Amid speculation that the bitter political rivalry between Malaysian Prime Minister Najib Razak and Anwar Ibrahim could be behind the disappearance of Malaysia Airlines flight MH370, it has now emerged that the chief pilot of the aircraft, Zaharie Ahmad Shah, had campaigned for the opposition party in the last general election and had enrolled himself as a life-time member of the party.

The 12 crew members, particularly the two pilots of the missing aircraft, are under intense scrutiny following the confirmation that there was foul play in the incident.

After it was speculated that the pilot was present during the trial of Ibrahim, following which he got a five-year jail sentence for sodomy charges, his People's Justice Party, aka Parti Keadilan Rakyat (PKR) has admitted that Shah campaigned for the party. The flight piloted by Shah went missing seven hours after the controversial trial.

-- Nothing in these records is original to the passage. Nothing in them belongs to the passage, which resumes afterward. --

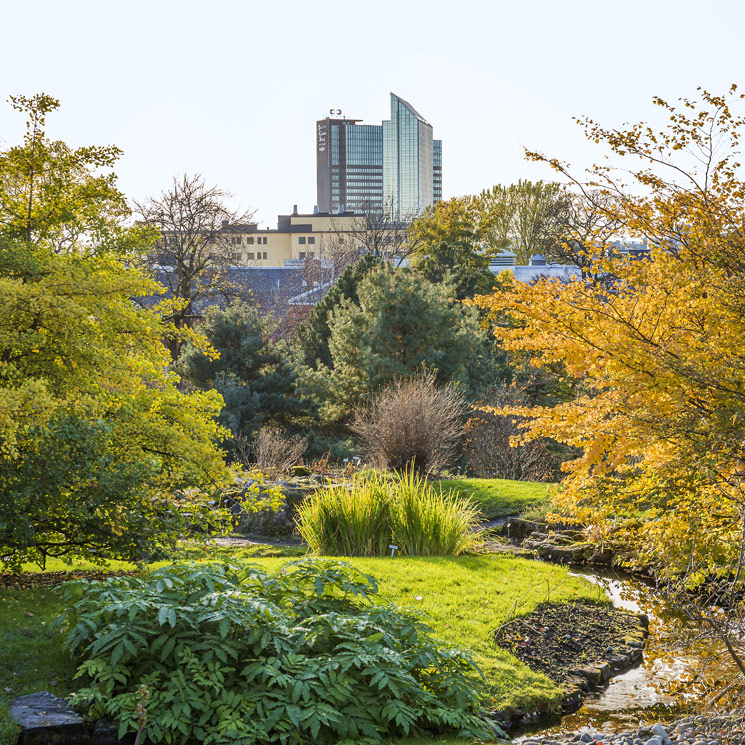 Oslo, la capital más verde de Europa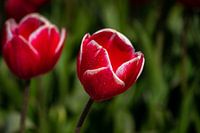 Red Tulip
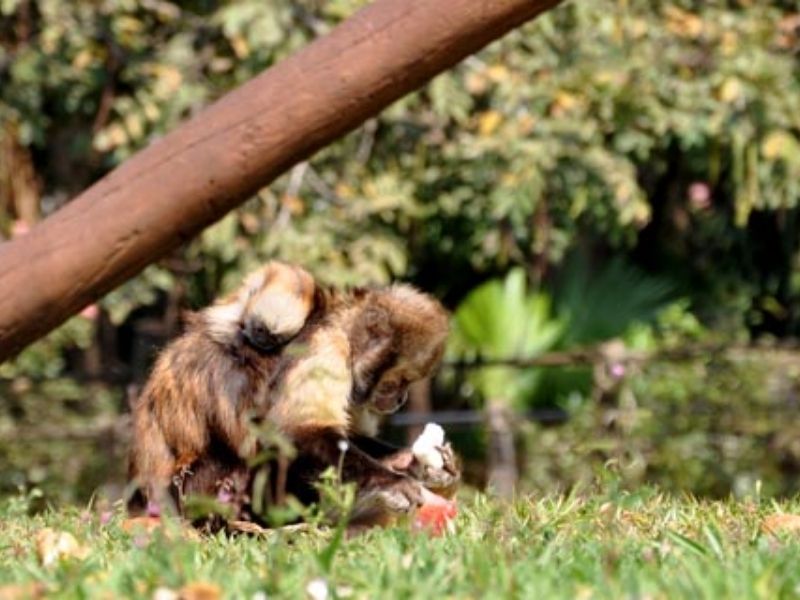 Filhote de macaco-prego-do-peito-amarelo nascido no Parque Ecológico de Americana. (Marilia Pierre)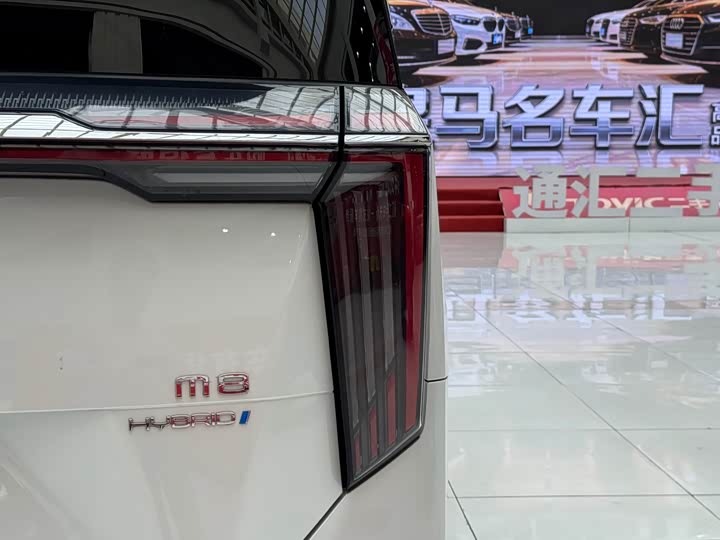 Trumpchi M8 2023 — фото 10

Speaking at a press conference in Malaysia, the party's lawmaker from Subang division Sivarasa Rasiah said: "He [Shah] was a PKR member since 23 Jan last year and campaigned for us during the general election but this is irrelevant to the case."

Referring to the Daily Mail report, Sivarasa said: "The two claims were used to label him as a 'political fanatic' but that conclusion should not be made as they are based on unverified claims. He [Shah] was like the million other political party members out there."

"If the police want to meet me and ask about his [Shah's] background, I am prepared to help, this is not a party matter."

However the party's spokesmen insist there is no connection between the missing flight and Shah's political affiliation.

"We hope all parties, including the media and political parties including the ruling coalition, to respect the family and passengers of MH370. Do not make too many assumptions which could affect the investigation and hurt the feelings of family members. For us, we do not want to get into polemics of finger-pointing," the party's vice-president Tian Chua, who was also present at the press conference, told reporters.

The investigators have emphasised they are not ruling out any angle as they are closely examining the personal and psychological profiles of all the crew members as well as the passengers.